Teaching Comparative Government and Politics

Thursday, June 18, 2015

Speculation (political and journalistic)

It's eight months before the legislative elections in Iran, but people are planning for them. And journalists are speculating on what a few public statements mean.

Pay attention to the differences between what the politicians say and what the journalists think they mean.

Iran's next parliamentary elections ‘could be on a par with Turkey’
Hassan Rouhani
President Hassan Rouhani unofficially kicked off next February’s parliamentary elections before a gathering of provincial governors on 26 May.

“No political or sectarian belief should be discounted, for they are based in religion, science, and personal beliefs, and of course elections without competition are impossible,” Rouhani said. “We have different ideas in our society, and all are free to express their ideas. This is why we have various parties and persuasions.”

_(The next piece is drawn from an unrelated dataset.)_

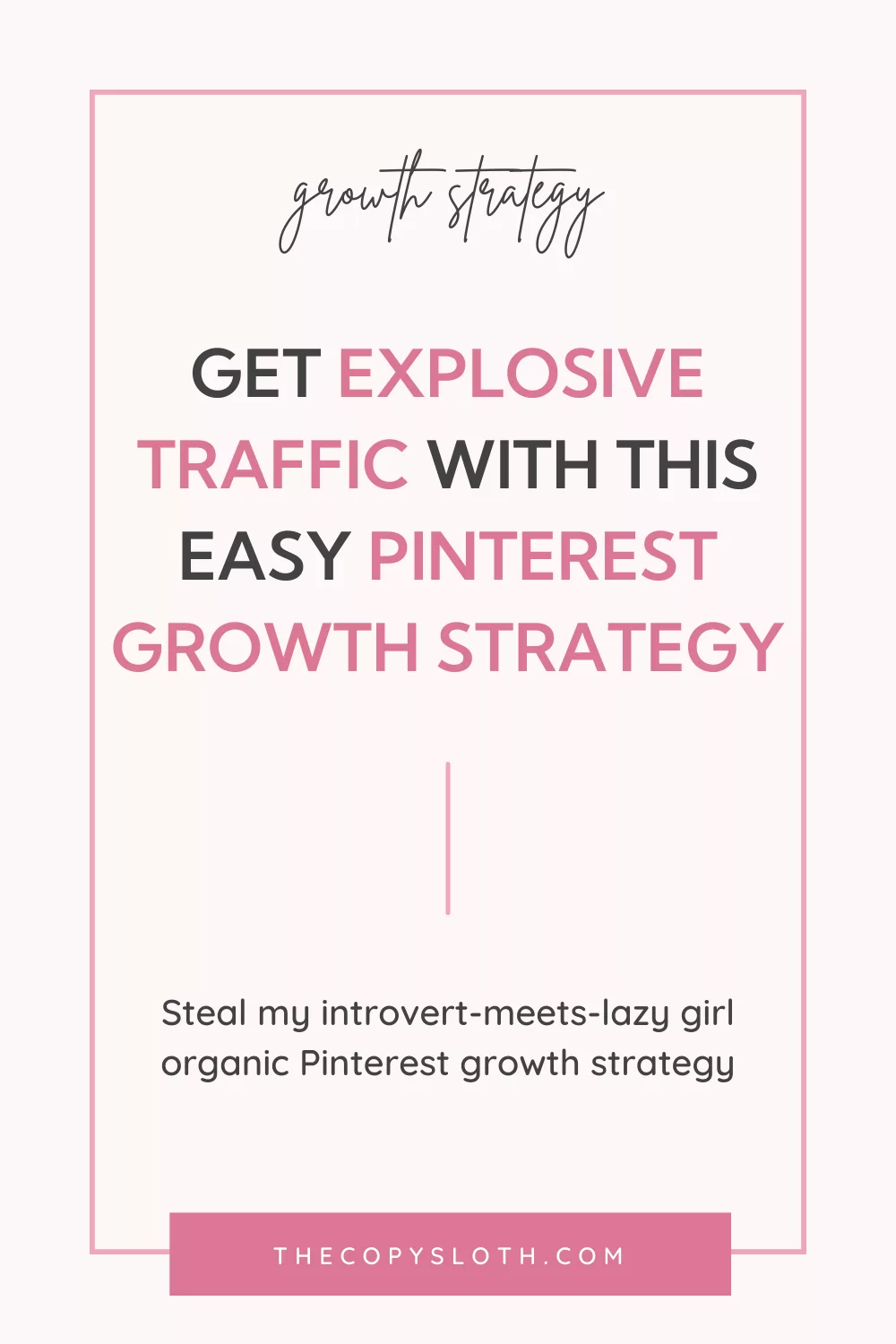 pinterest growth strategy, pinterest content strategy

Rouhani’s comments suggest he hopes to prepare the way for increased reformist participation in the majles (parliament)…

In an interview with Tehran Bureau, a member of the Islamic Iran Participation Front, a leading party suspended since 2009, expressed cautious optimism.

“He’s certainly come out swinging, but he’ll eventually tone down the intensity as time passes,” she said. “He may be demanding today that these elections be on a par with those of Finland and the UK in terms of openness and freedom, but ultimately he’ll have to temper his expectations to something resembling Turkey’s elections. If his strategy gets results, it’ll be a step forward, since it should translate to more moderates and reformists and fewer fundamentalists in the majles.”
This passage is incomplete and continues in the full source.